- Farm Business Management: economic/marketing
In 2005 Jubilee Project and the Appalachian Spring Cooperative once again met or exceeded all but one of its goals for substantial progress in establishing the Cooperative and enabling it to begin serving its members. A variety of recruiting resulted in the growth of cooperative membership 34% from 65 the year before to 87 members. Thirty of these members (increased from 16 the year before) made 64 different food or farm products, most of which Jubilee Project and the Cooperative assisted with business and on-farm technical assistance; this included helping develop recipes and labels, and helping place their products in local markets. A diverse Advisory Committee composed of farmers and agricultural professionals, local officials and representatives of local business, community, college/university and economic development groups, began assisting with the development of a retail store feasibility study to increase markets for the value-added products of members.
1. Development of current member production of value-added products.
1a. Assist in production requirements for farmers already producing value-added items or in the development phase of production, including business plan development, recipe development, understanding and complying with legalities of production, obtaining product liability insurance and other requirements.
1b. Develop appropriate product presentation, from labeling to shelf-tags.
1c. Ensure adequate market placement of these products. .
1d. Development of additional market outlets and opportunities.
1e.Nurture and expand partnerships with agricultural professionals, Extension, farmers, entrepreneurs, businesses and community and religious organizations.
1f. Develop ASC outreach to include promotion of these products as show case examples.

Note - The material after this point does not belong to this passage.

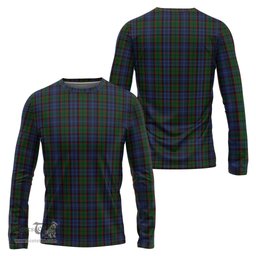 ScotsTee Shop Scottish Fletcher Clan Tartan Long Sleeve T Shirt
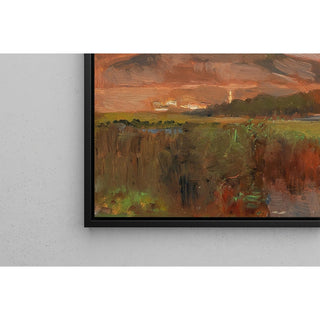 Reproduction Abendstimmung - Marie Egner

2. Grow the Cooperative: Business Development and Membership Opportunity.
2a. Increase ASC membership through outreach to farmers and community.
2b. Direct farmer-to-farmer outreach, tours of the kitchen, brainstorming of value-added potentials with farmers and community members. Implementation of Kitchens and Cooperative business plans.
2c. Establish ASC as a formal network of producers marketing desirable value-added products.
3. Expand farmer and community use of the Jubilee Community Kitchen.
3a. Development of in-demand, value-added market products.
3b. Promotion of the Kitchen as valuable tool for use by the community, area churches, school
and others for bake sales, holiday gift ideas and more.
4. Development of the Jubilee Community Kitchen as a viable and sustainable opportunity for employment.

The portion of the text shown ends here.